Task requirements: Please write out only the lines from the line with "This is how" to the line with "So this way", inclusive, exactly as they stand below, without the pictures.

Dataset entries
++++

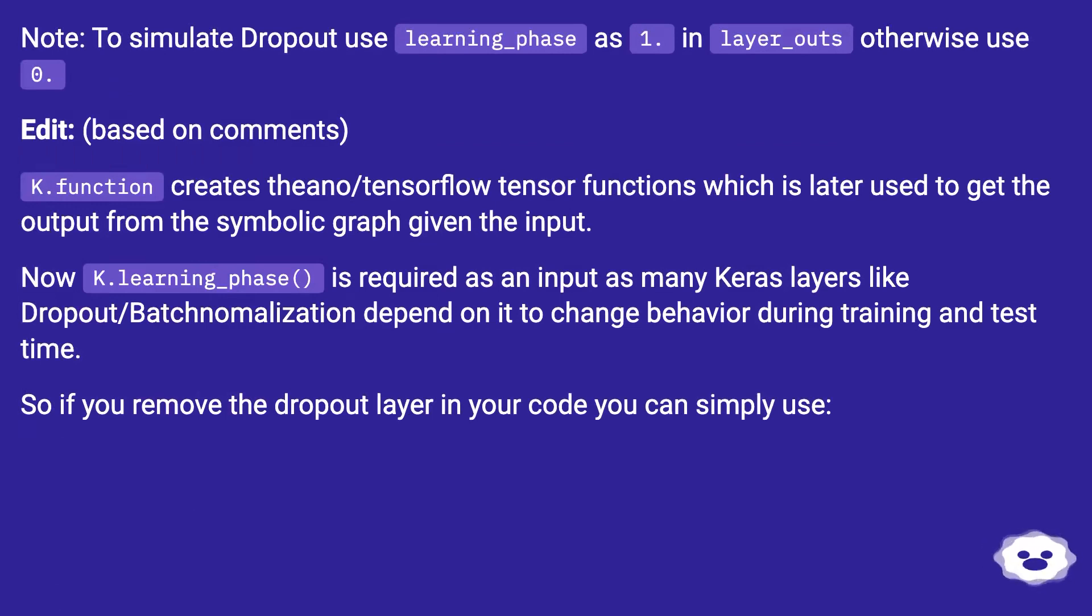To simulate dropout use learning_phase as 1, and layer_outs otherwise use 0.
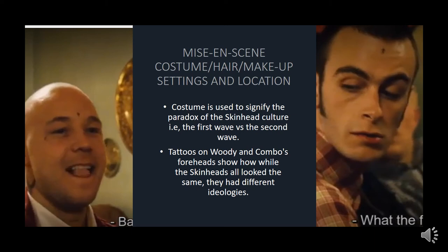Tattoos are quite significant as well. The tattoos on Woody's and Combo's foreheads show how, while skinheads may look the same, they had very different ideologies.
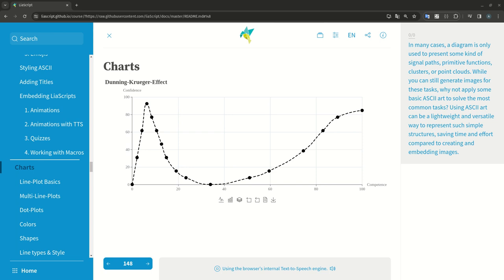In many cases, a diagram is only used to present some kind of signal paths, primitive functions, clusters, or point clouds. While you can still generate images for these tasks, why not apply some basic ASCII art to solve the most common tasks? Using ASCII art can be a lightweight and versatile way to represent such simple structures, saving time and effort compared to creating and embedding images.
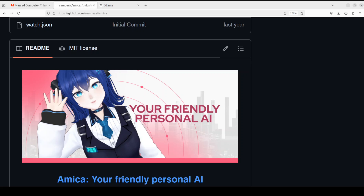Hello guys, I'm very excited to share with you this new project Amica, which is a personal chatbot to chat with voice or with text on your local system with 3D characters. On the face of it, it is yet another chatbot, but it is really interesting with a twist.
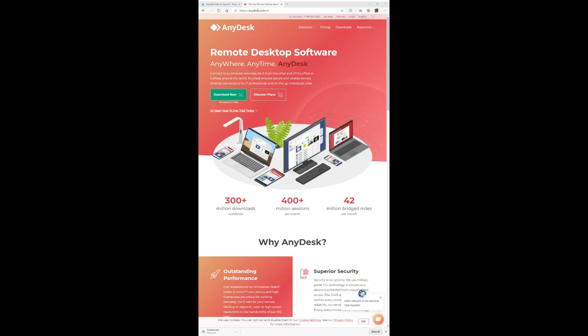As soon as you go to that, it pops up. This is a European website. Not only is it a European website, but it's a remote desktop software.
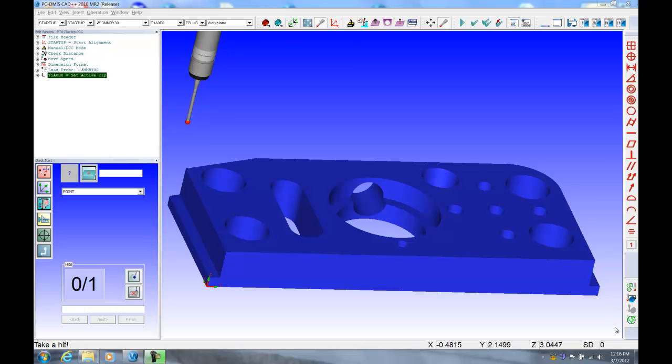Hello and welcome. I'm Dave Ryan here with Hexagon Metrology, here to show you our PCDMIS software. Specifically, I'd like to show you how I would use our software on a manual machine.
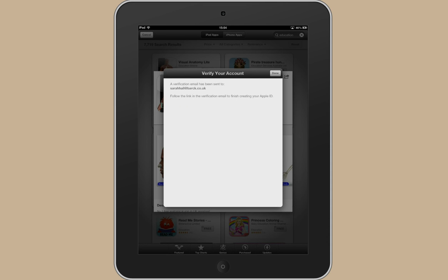And so it's sent a link to the email account that you've specified. If you now go to that account there'll be a link for you to click through and your Apple ID is created.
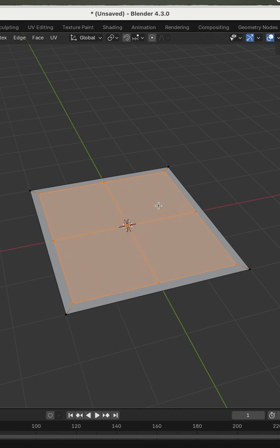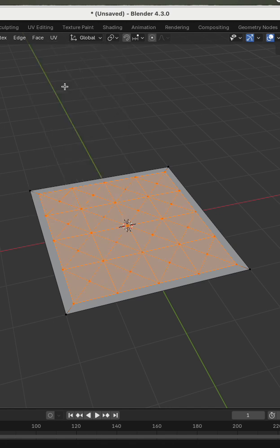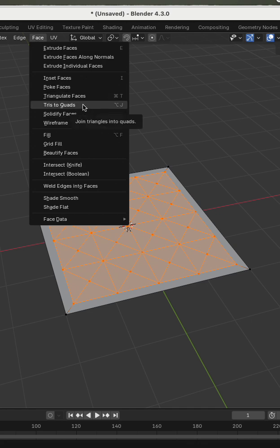Now I press Subdivide, then Subdivide again. I go to Face and press Poke Faces, then Face Tris to Quads.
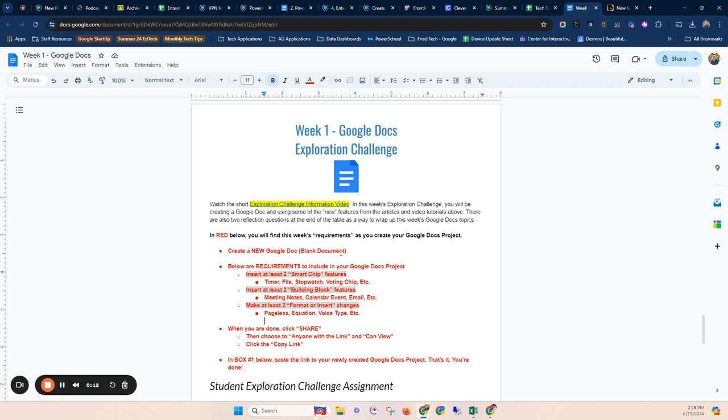And then in that Google Doc, I want you to experiment with some of the options or the features below, including things like we're going to do at least two of the smart chips. So you see a list there or you can reference those in the videos from above.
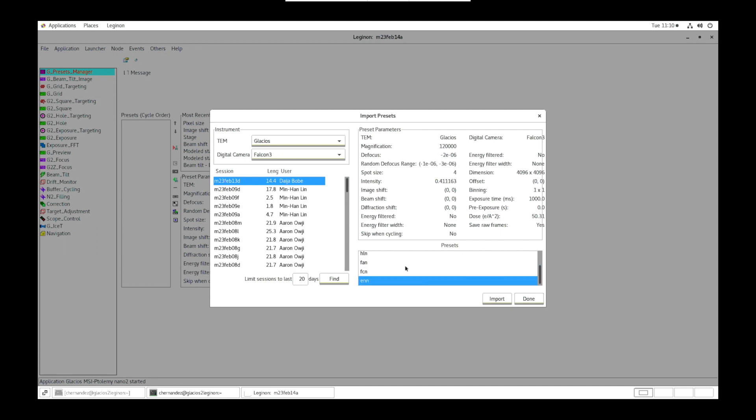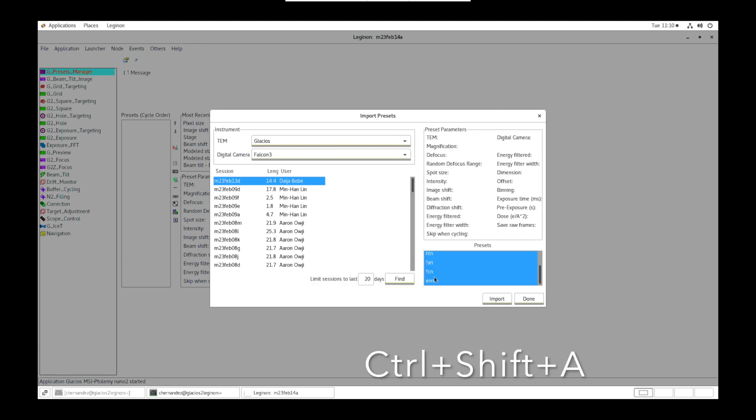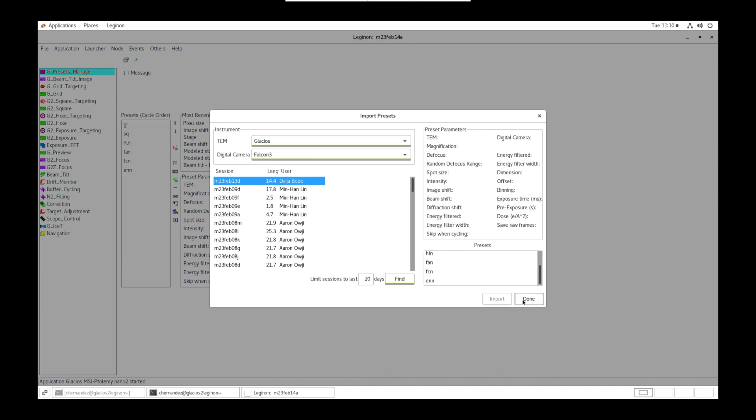If satisfactory, control shift A to select all, import and done.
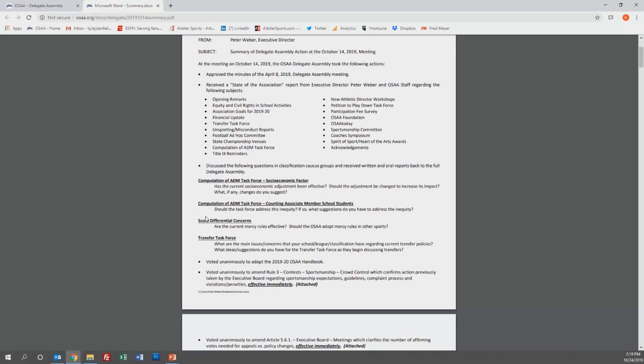And finally, the delegates voted unanimously to add Article 9.10, which formally establishes the Equity and Diversity Advisory Committee. This committee will work to engage all aspects of the association while applying a lens of equity.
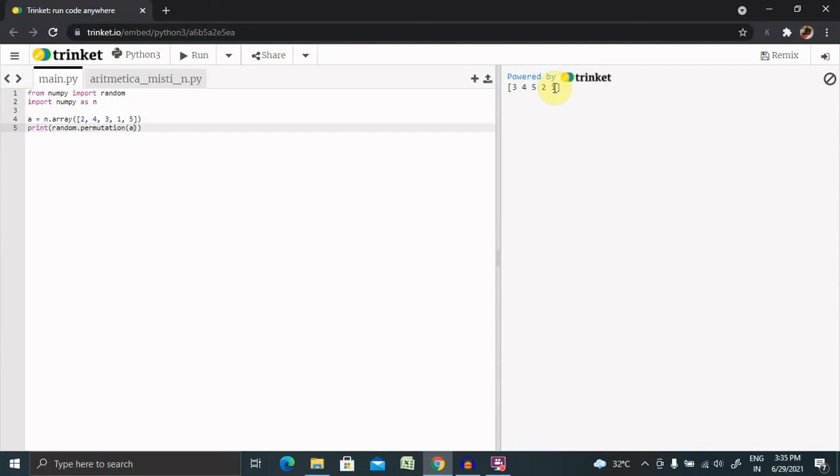This is how we can perform random permutations of elements in NumPy.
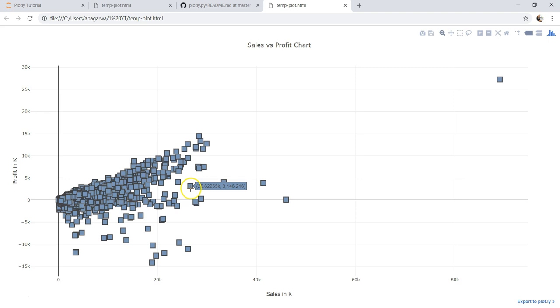So this way you can further customize your chart based on your organization's needs or your visualization needs, to make it much more perfect. That's pretty much it, and I'll meet you in a new video on a new topic.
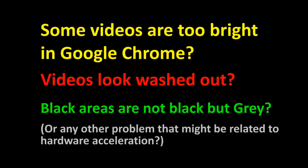Black areas are not black but grey, or any other problem that might be related to hardware acceleration?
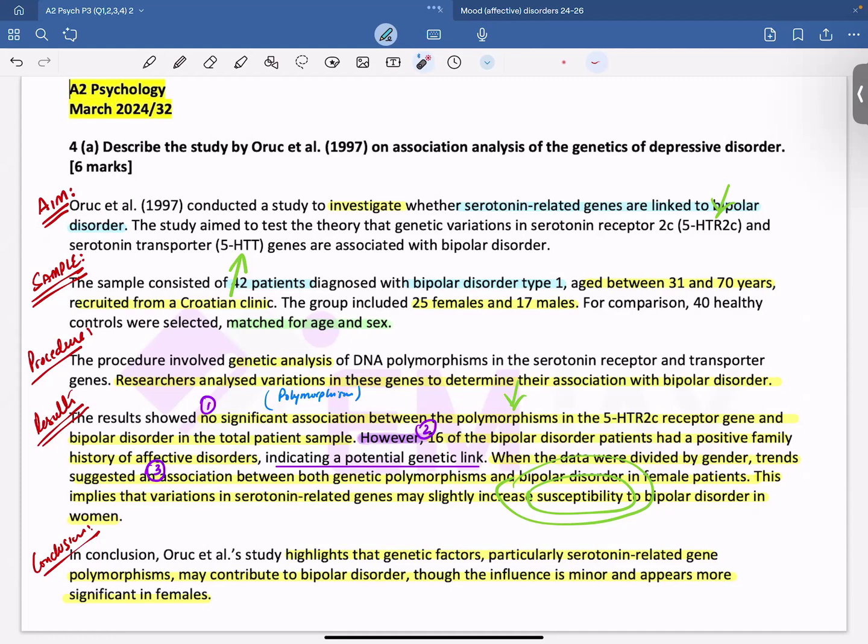I hope this has been helpful. You could use the same criteria to write descriptive answers for other key studies. In March 2024, you were questioned on Oreck et al. — you never know in your examination, you might be asked to describe any other key study as well. I hope this has been helpful. Thank you.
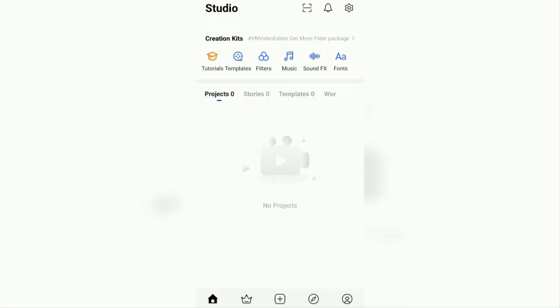In this video, I will discuss a tutorial on how to change the video background using the VN Video Editor application.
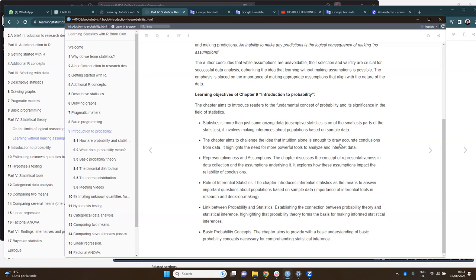Descriptive statistics is just one of the smallest parts of statistics. Mostly, statistics involves making inferences about populations based on sample data. It says that intuition is not enough for drawing accurate conclusions, so we need a tool, which is statistics.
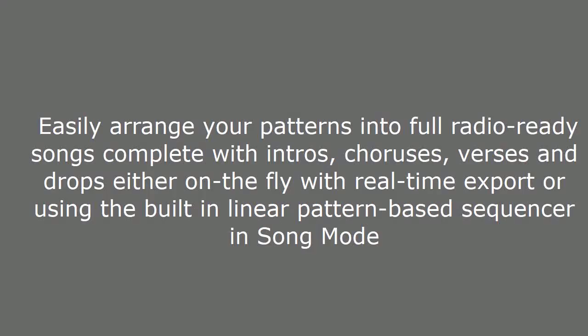Arrange quicker. Easily arrange your patterns into full radio-ready songs complete with intros, choruses, verses and drops either on the fly with real-time export or using the built-in linear pattern-based sequencer in song mode.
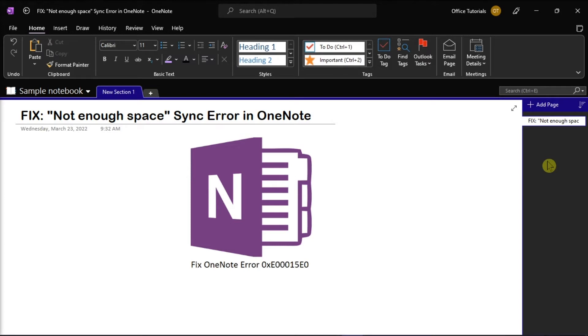Now to solve the sync issues, you can optimize or delete the existing notebook backups. And to learn how to do those, keep watching this video.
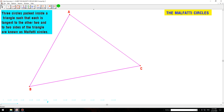The Montforti Circles. Three circles placed inside a triangle such that each is tangent to the other two and two sides of the triangle are known as Montforti Circles.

++++

Solution:
This is how we can perform random permutations of elements in NumPy.
So this way you can further customize your chart based on your organization's needs or your visualization needs, to make it much more perfect. That's pretty much it, and I'll meet you in a new video on a new topic.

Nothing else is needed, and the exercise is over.